Moneybox

Fox News Was the Dominant News Source in the 2016 Election, Survey Shows

Surprise: Trump voters overwhelmingly got their campaign news from Fox News.

Saul Loeb/AFP/Getty Images

It should come as no surprise that Trump and Clinton voters got their news from different sources throughout the 2016 presidential campaign. But a report from Pew Research shines new light on just how disparate their media diets really were.

Asked to name their “main source” for news about the campaign, 40 percent of Trump voters cited Fox News. That’s more than five times the number who cited any other source. CNN was second at 8 percent, followed by Facebook at 7 percent, and NBC at 6 percent.

And what was the Fox News of the left? Actually, there wasn’t one: Clinton voters did not overwhelmingly flock to any single news outlet. Eighteen percent cited CNN as their main source for campaign news, 9 percent named MSNBC, and 8 percent said Facebook. Just 3 percent of Clinton voters named Fox News as their primary source.

Unpopular as Fox News was among Clinton voters, some of Clinton voters’ top news sources were even less popular among Trump voters. MSNBC, NPR, and the New York Times were each cited by at least 5 percent of Clinton voters, but fewer than 3 percent of Trump voters.

Pew Research

The results come from Pew’s survey of 4,183 U.S. adults who are part of a nationally representative panel. The survey was conducted from Nov. 29 to Dec. 12.

The findings reinforce the conventional wisdom that the media and their audiences have polarized along with the electorate. But there are some surprising nuggets in the data, too.

Facebook has been widely regarded as a leading platform for political news in the 2016 campaign, but just 8 percent of Pew’s respondents cited it as their main source. This stands in contrast to the frequently cited statistic that 44 percent of U.S. adults get their news from Facebook—a statistic that I critiqued in depth here. Facebook is certainly influential as a distributor of political news, but Pew surveys have consistently shown that television, and cable news in particular, are much more so. That should help to contextualize the fake news problem, which was always more significant for the flaws it highlighted in Facebook’s algorithm than for its direct impact on the presidential election.

The data also help to illuminate why conservatives, including President-elect Trump, have so aggressively targeted CNN with criticism of liberal bias and untrustworthiness. CNN appears to be the last major media outlet that enjoys a sizeable number of loyalists among both Clinton and Trump supporters, putting it in a unique position to persuade the persuadable. The major news networks—NBC, CBS, and ABC—reach both camps as well but are cited as primary sources by no more than 6 percent of either one.

Pew Research

Local newspapers, it’s worth noting, barely register as a primary source of election news among either group. It has been a long, sad fall for a sector that was once a pillar of the American news industry.

Interestingly, though, online news sources fare no better when the question is framed this way. Not one digital-native media outlet was named by more than 3 percent of either Trump or Clinton voters as a primary source of campaign news. (That’s not counting Facebook, which is not an outlet in itself but a platform for the work of other outlets.)
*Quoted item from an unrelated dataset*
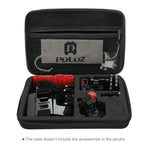 Estojo Impermeável de Transporte e Viagem PULUZ para Acessórios de GoPro, Insta360, DJI e Outras Câmaras de Ação, Tamanho Grande: 32cm x 22cm x 7cm, Para GoPro, Tamanho Grande: 32cm x 22cm x 7cm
Online media’s influence becomes visible, however, in the answers to another question, in which Pew asked respondents to identify outlets they turned to “regularly” for campaign news. Twenty-four percent of Clinton voters cited the Huffington Post here, compared with 9 percent of Trump voters. BuzzFeed also skewed liberal, while Breitbart and the Drudge Report were named almost exclusively by Trump voters.

A takeaway from the survey is that, while MSNBC is often viewed as Fox News’ liberal equivalent, it is not nearly as influential among liberals as Fox News is among conservatives. There are different ways to measure influence, of course, but by the metric Pew used here—asking people to name their “main source” of election news—Fox News was more than four times more influential among Trump voters than MSNBC was among Clinton voters. In general, Clinton voters were much more likely to cite nonpartisan mainstream media outlets as their main news sources than were Trump voters. That distinction does not appear to be mirrored online, however, where both Clinton and Trump voters turn mostly to sources that appeal to one camp far more than the other.

A second takeaway is just how dominant Fox News remains among conservatives, despite its internal turmoil and its occasional clashes with the Trump campaign. It was cited as the main campaign news source by 19 percent of all Pew respondents, significantly more than any other outlet, despite appealing almost exclusively to Trump voters. And while it is often lumped in with other “conservative media,” such as Breitbart, Drudge, and conservative talk radio, it stands along among them in the sheer scale of its loyal audience.

To be fair, smaller outlets matter more than a survey like this might suggest. Asking people to name just one main source of news obscures not only the many sources that supplement their news diet, but also the many sources that large news outlets rely on in their newsgathering. This is not a full picture of the American news media diet, but a snapshot taken through a prism. Still, it’s a revealing one. It reminds us that the “mainstream media” are liberal only if you don’t count Fox News among them—and that Fox News is, in some respects, the most mainstream of them all.